I’m amazed, a very large sample with a word grouping of two or greater can produce some terrific results. It makes me wonder why spammers always end up with such nonsense titles, use a larger sample you jerks!
In my various attempts, I also ended up with some rather spectacular phrases. Here are some of my favourites, I swear I did not make any of these up:
The whimsical charms of each of disappointed children
Holding the Wiimote in the holiday rush? Either way, you’re probably online looking for awesome news like this
Your character’s level is on a couch. They’re comfortable for both sides.
a combination of raw stem cells, dubbed thing, and the USA
I believe I was blindsided by exploiting my childhood memories
…and the best one by far:
This essay will be successfully ignored altogether.

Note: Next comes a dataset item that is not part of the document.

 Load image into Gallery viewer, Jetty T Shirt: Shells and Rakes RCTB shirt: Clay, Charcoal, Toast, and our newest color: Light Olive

Check out Ben Abraham’s post for some more great ones (he beat me to the punch by a few hours.) Finally, I’ll leave you with a challenge. Can you guess what sample I used to produce the text below?
Peyote solidities of halls, backyard green tree cemetery dawns, wine drunkenness over the rooftops, storefront boroughs of teahead joyride neon blinking traffic light, sun and moon and tree vibrations in the roaring winter dusks of Brook-lyn, ashcan rantings and kind king light of mind, who chained themselves to subways for the endless ride from Battery to holy Bronx on benzedrine until the noise of wheels and children brought them down shuddering mouth-wracked and battered bleak of brain all drained of brilliance in the drear light of Zoo,
***********ANSWER***********
Trick question, it’s actually a word-for-word excerpt from Allen Ginsberg’s Howl. Only the formatting has been edited. I think the beat poets would have dug Markov chains, don’t you?